### Recorded data
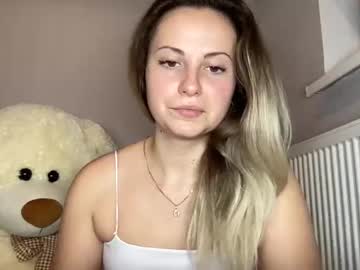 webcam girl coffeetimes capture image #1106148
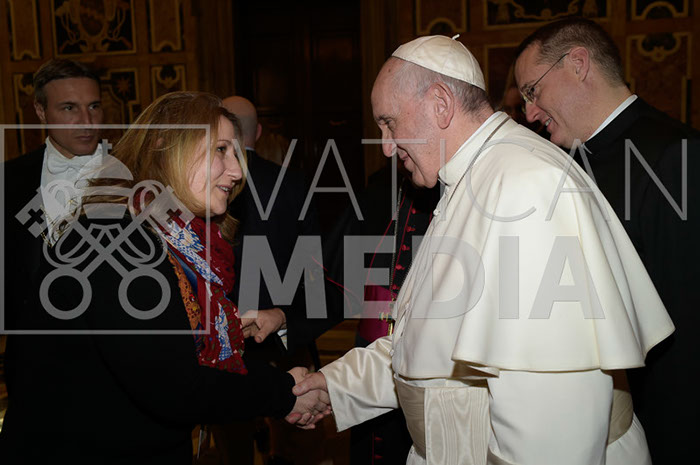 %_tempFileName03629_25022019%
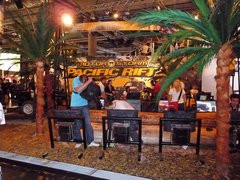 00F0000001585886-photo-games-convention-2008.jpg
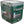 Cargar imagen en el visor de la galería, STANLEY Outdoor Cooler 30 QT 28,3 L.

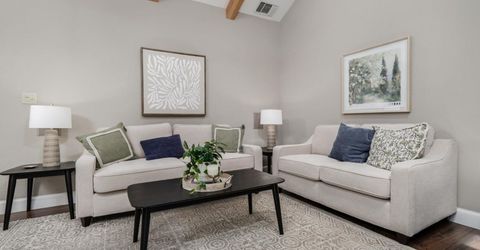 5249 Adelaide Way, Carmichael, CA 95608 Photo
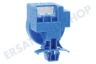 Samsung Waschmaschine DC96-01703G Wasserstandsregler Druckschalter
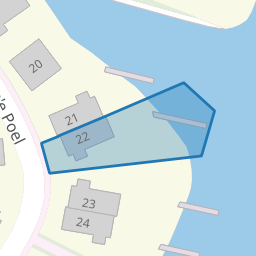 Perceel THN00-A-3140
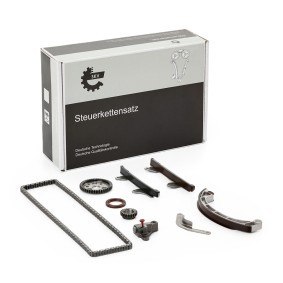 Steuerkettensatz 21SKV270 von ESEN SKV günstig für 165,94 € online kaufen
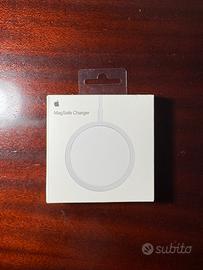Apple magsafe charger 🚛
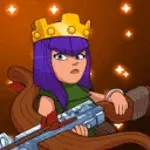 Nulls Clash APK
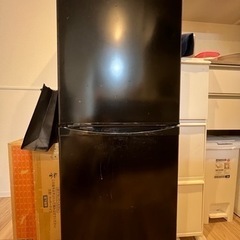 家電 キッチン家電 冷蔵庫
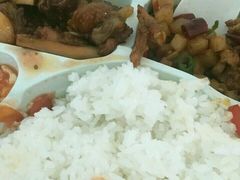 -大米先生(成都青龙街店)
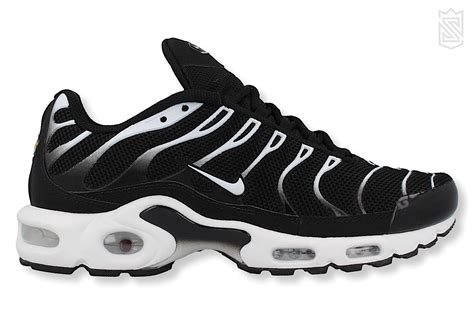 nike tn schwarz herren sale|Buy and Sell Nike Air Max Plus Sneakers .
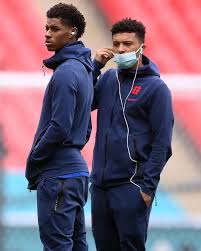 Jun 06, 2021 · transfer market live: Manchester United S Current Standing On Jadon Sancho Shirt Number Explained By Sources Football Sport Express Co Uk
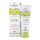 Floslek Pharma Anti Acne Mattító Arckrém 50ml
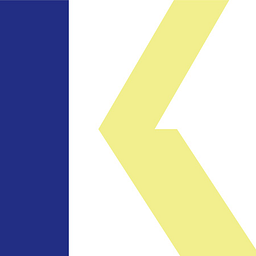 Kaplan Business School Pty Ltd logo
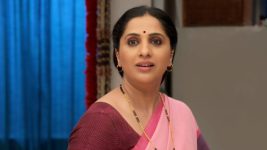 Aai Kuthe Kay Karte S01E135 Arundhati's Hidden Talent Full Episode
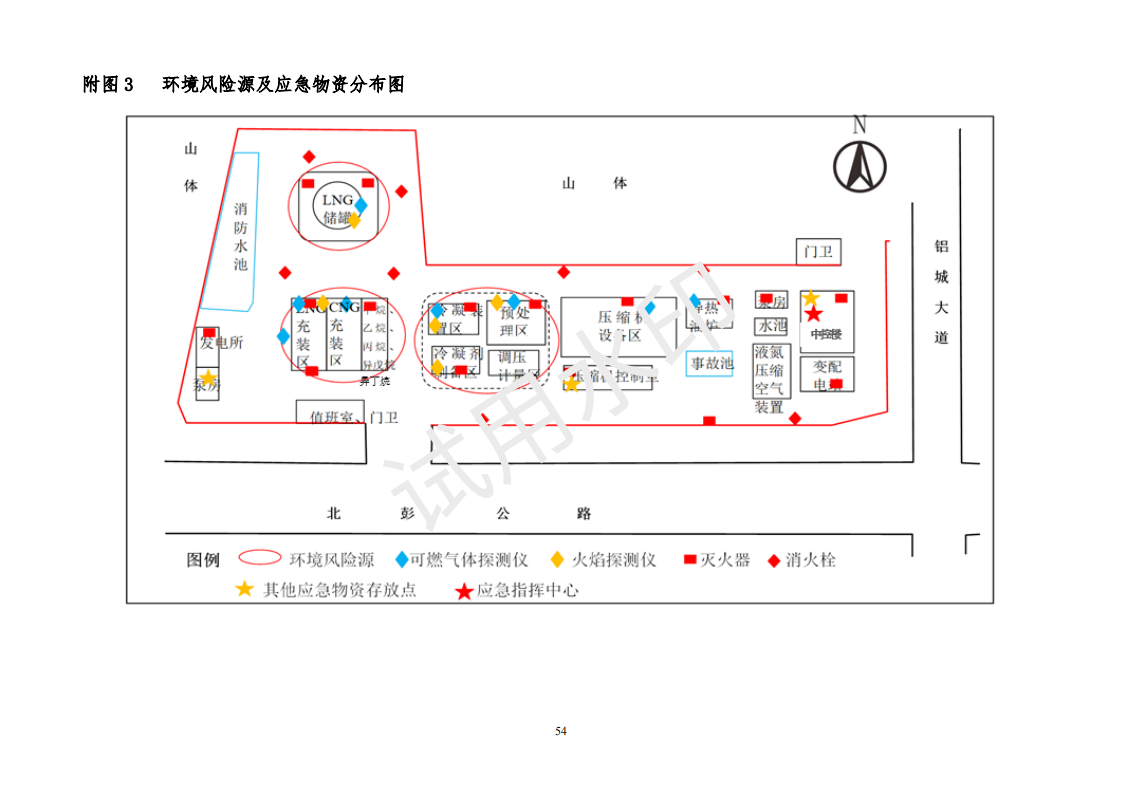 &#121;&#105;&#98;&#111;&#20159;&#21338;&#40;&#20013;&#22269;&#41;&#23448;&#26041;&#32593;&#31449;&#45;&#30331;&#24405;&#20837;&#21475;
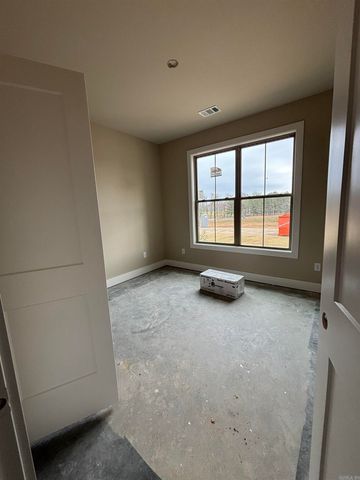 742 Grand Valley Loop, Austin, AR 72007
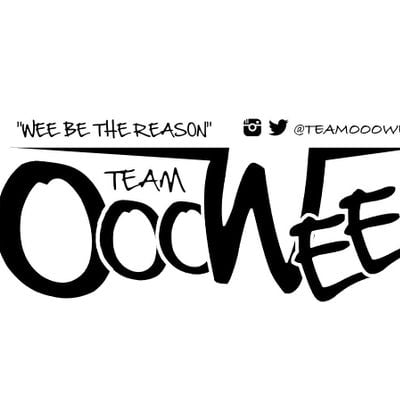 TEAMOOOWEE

### Exercise prompt
Set down the data above word for word, leaving every picture out.

### Worked solution
 webcam girl coffeetimes capture image #1106148
 %_tempFileName03629_25022019%
 00F0000001585886-photo-games-convention-2008.jpg
 Cargar imagen en el visor de la galería, STANLEY Outdoor Cooler 30 QT 28,3 L.

 5249 Adelaide Way, Carmichael, CA 95608 Photo
 Samsung Waschmaschine DC96-01703G Wasserstandsregler Druckschalter
 Perceel THN00-A-3140
 Steuerkettensatz 21SKV270 von ESEN SKV günstig für 165,94 € online kaufen
Apple magsafe charger 🚛
 Nulls Clash APK
 家電 キッチン家電 冷蔵庫
 -大米先生(成都青龙街店)
 nike tn schwarz herren sale|Buy and Sell Nike Air Max Plus Sneakers .
 Jun 06, 2021 · transfer market live: Manchester United S Current Standing On Jadon Sancho Shirt Number Explained By Sources Football Sport Express Co Uk
 Floslek Pharma Anti Acne Mattító Arckrém 50ml
 Kaplan Business School Pty Ltd logo
 Aai Kuthe Kay Karte S01E135 Arundhati's Hidden Talent Full Episode
 &#121;&#105;&#98;&#111;&#20159;&#21338;&#40;&#20013;&#22269;&#41;&#23448;&#26041;&#32593;&#31449;&#45;&#30331;&#24405;&#20837;&#21475;
 742 Grand Valley Loop, Austin, AR 72007
 TEAMOOOWEE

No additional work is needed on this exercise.